Imagine that you were a real estate agent in the Boston area looking to use this model to help price homes owned by your clients that they wish to sell. You have collected the following information from three of your clients:
Feature | Client 1 | Client 2 | Client 3 |
---|---|---|---|
Total number of rooms in home | 5 rooms | 4 rooms | 8 rooms |
Neighborhood poverty level (as %) | 17% | 32% | 3% |
Student-teacher ratio of nearby schools | 15-to-1 | 22-to-1 | 12-to-1 |
Let's see what prices our model will predict for these clients, and if they seem reasonable given the features.
# Produce a matrix for client data
client_data = [[5, 17, 15], # Client 1
[4, 32, 22], # Client 2
[8, 3, 12]] # Client 3
# Show predictions
for i, price in enumerate(reg.predict(client_data)):
print "Predicted selling price for Client {}'s home: ${:,.2f}".format(i+1, price)
The prices seem reasonable given the features of the homes. We can see that the highest priced home has the most rooms, lowest neighbourhood poverty level, and the lowest student-teacher ratio, all of which make intuitive sense as discussed in the Question 1. On the contrary, the home with the lowest number of rooms, highest neighbourhood poverty level, and highest student-teacher ratio is priced the lowest in our predictions.
This finishes our project. We have built a decision tree regressor that performs reasonably well given the 3 features. But should the model should be used in a real-world setting? It probably shouldn't because:
- The data collected in 1978 is not really relevant today due to rising population levels and changing population density of different areas.
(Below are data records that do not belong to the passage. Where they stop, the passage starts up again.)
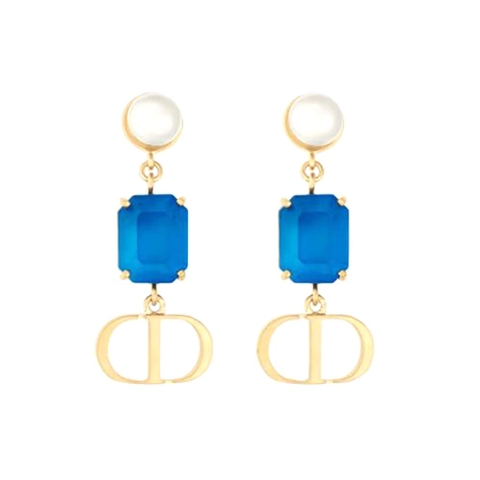 BÔNG TAI Dior Women Petit CD Earrings Gold-Finish Metal with White Resin Pearls and Fluorescent Blue Crystals
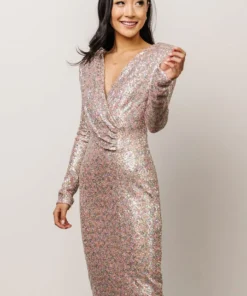 RR Dresses Marissa Sequin Midi Dress | Pink Multi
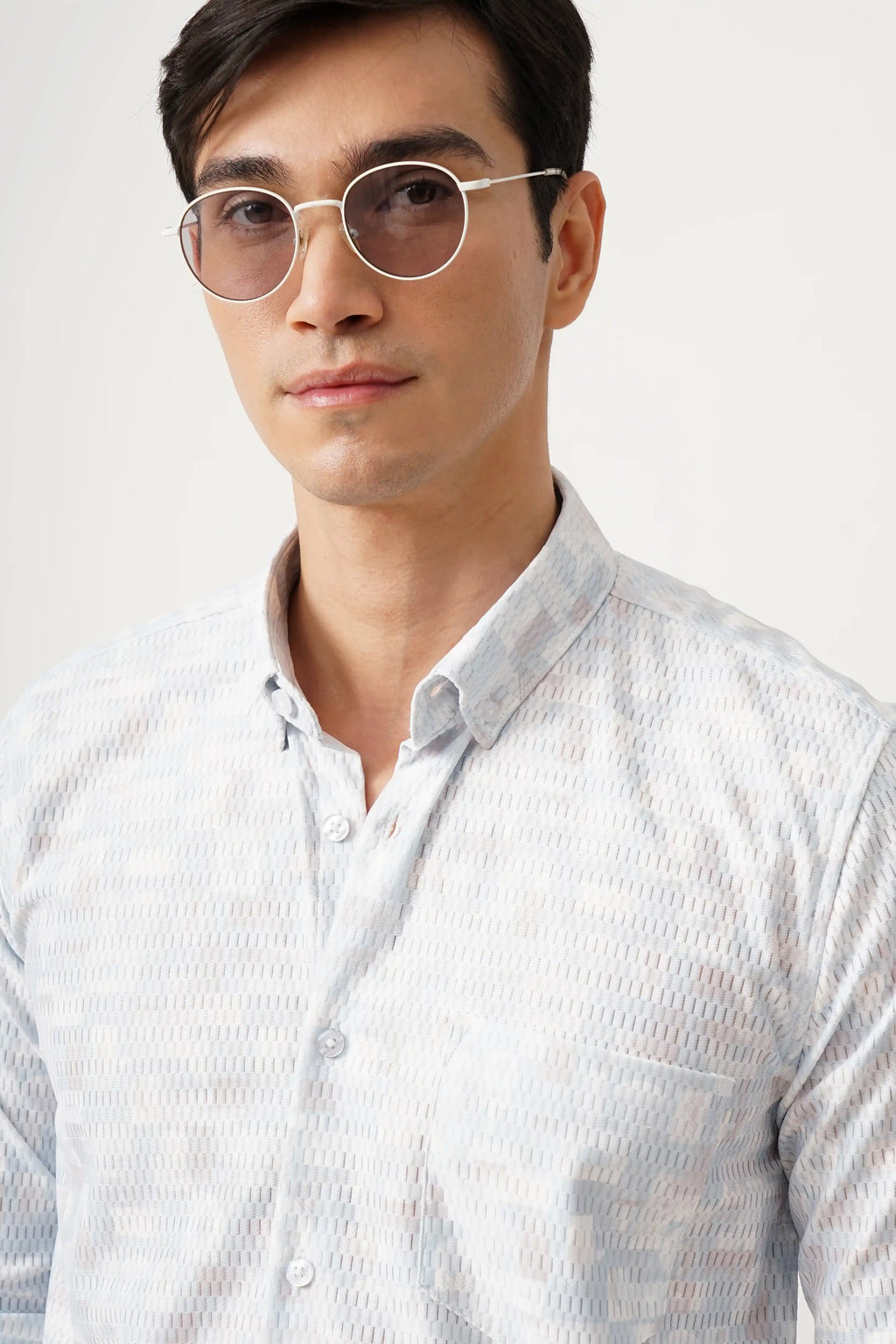 Cotlite Blue Printed Shirt with subtle viscose pattern and comfort fit.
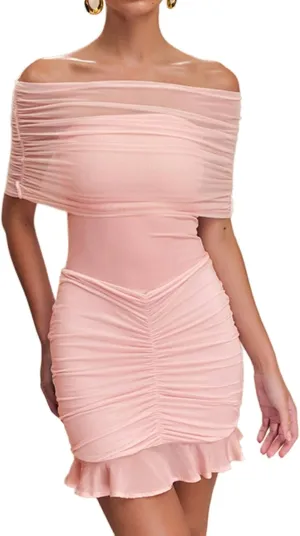 Women Sexy Strapless Off Shoulder Mesh Tube Mini Dress Sleeveless Ruffle Backless Bodycon Short Dresses Club Night Out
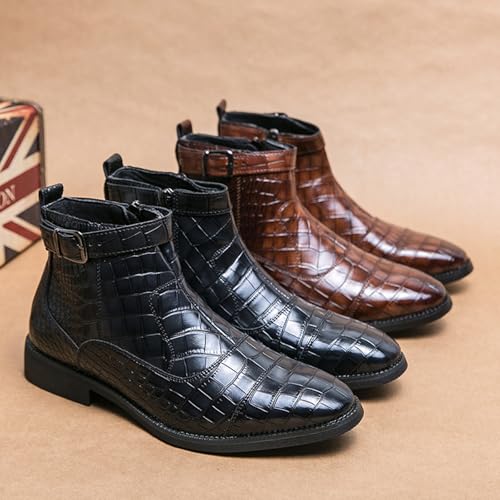 Men's Pattern Leather High Top Chelsea Boots with Buckle Strap Fashion British Style Pointed Toe Side Zipper Retro Business Dress Oxford Ankle Boots2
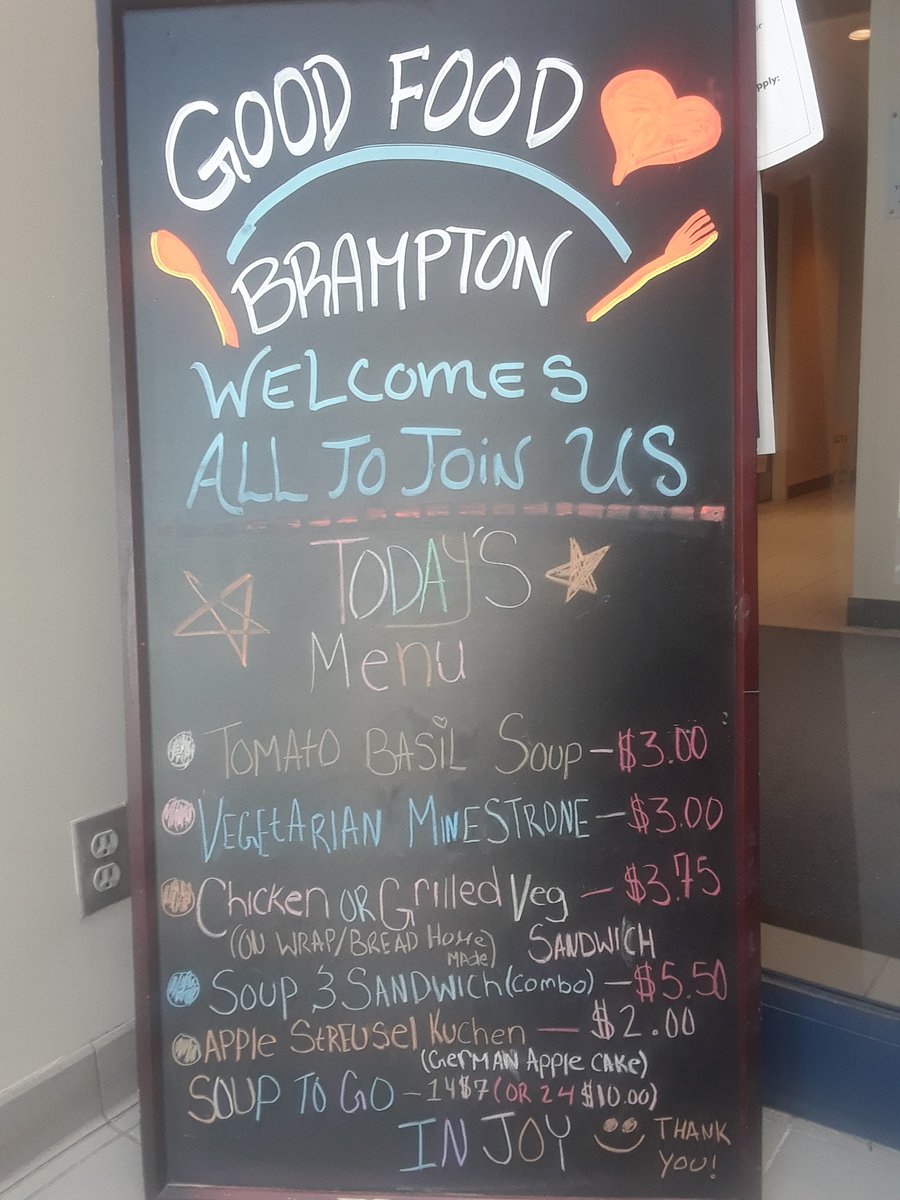 gfbrampton's tweet photo. Join us today @ Good Food Brampton for lunch. All our food is made fresh daily and prepared by our culinary youth group. Procceeds go back to support the CTY program 🌯🍲🍰 https://t.co/YH87bRzJGF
- The features present in the data that we built our model on are not likely be sufficient to describe a home. Examples of interesting features to look at may be proximity to city center, or neighbourhood crime rate.
- The data collected in an urban city will not be applicable in a rural city, because the people might value different aspects of a home depending on whether they live in an urban city or a rural area. For example, a person living in a rural city might value number of rooms in a home over the proximity to the city.